### Exercise
Starting at the first line and ending at the one with "ELBOW PIPE 90DGRE 24GA 7IN BLK", give the lines of the listing again exactly, and nothing else; skip the pictures.

### Available data

──────────────────────────────

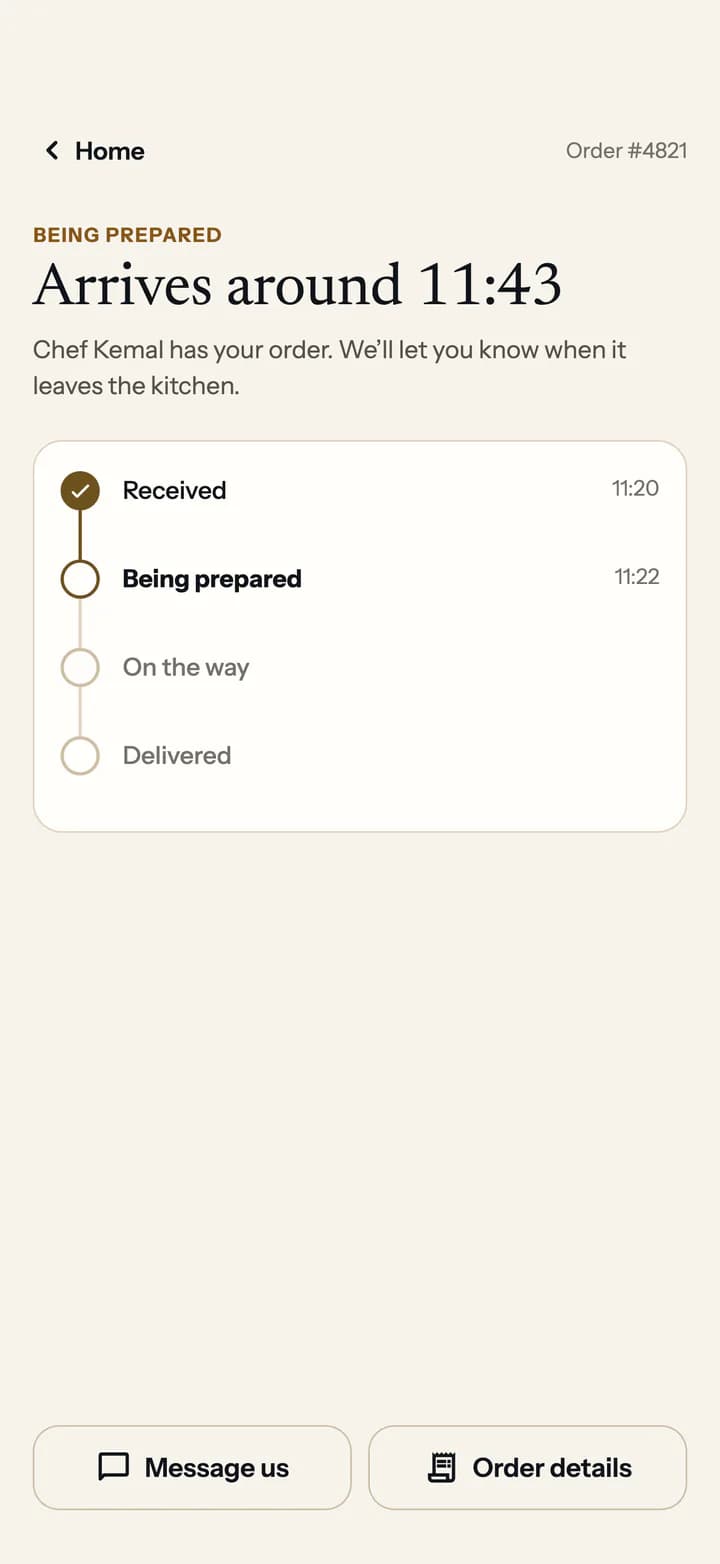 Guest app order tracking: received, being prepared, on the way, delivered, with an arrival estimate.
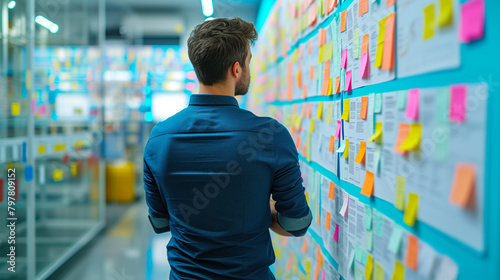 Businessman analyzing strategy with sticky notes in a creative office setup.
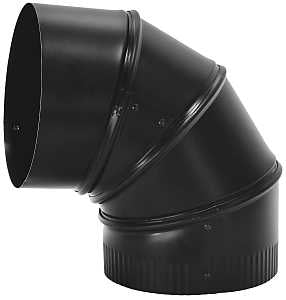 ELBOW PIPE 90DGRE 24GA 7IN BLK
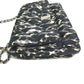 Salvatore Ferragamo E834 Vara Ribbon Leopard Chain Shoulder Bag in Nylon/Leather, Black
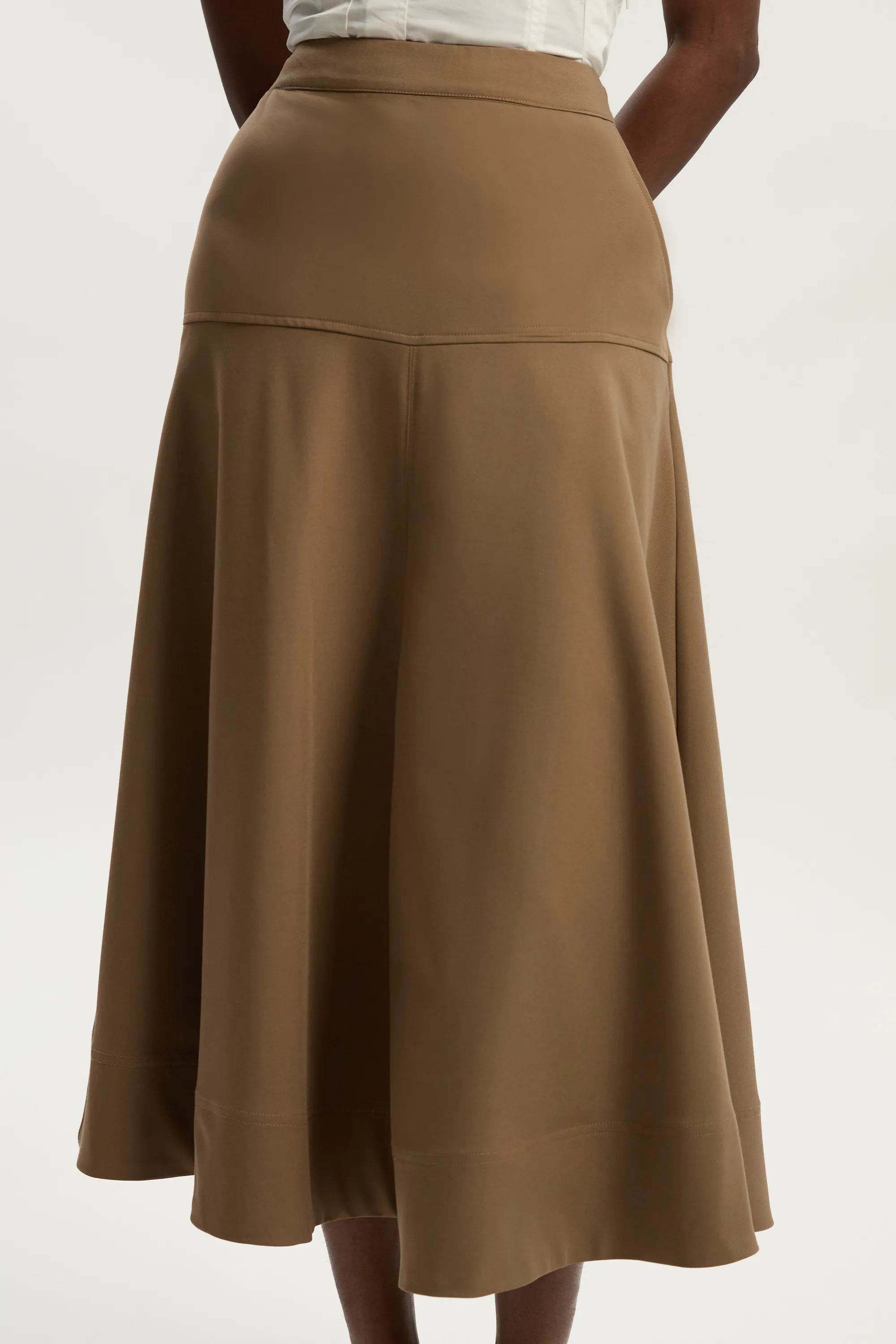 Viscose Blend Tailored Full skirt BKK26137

──────────────────────────────

### Written solution
 Guest app order tracking: received, being prepared, on the way, delivered, with an arrival estimate.
 Businessman analyzing strategy with sticky notes in a creative office setup.
 ELBOW PIPE 90DGRE 24GA 7IN BLK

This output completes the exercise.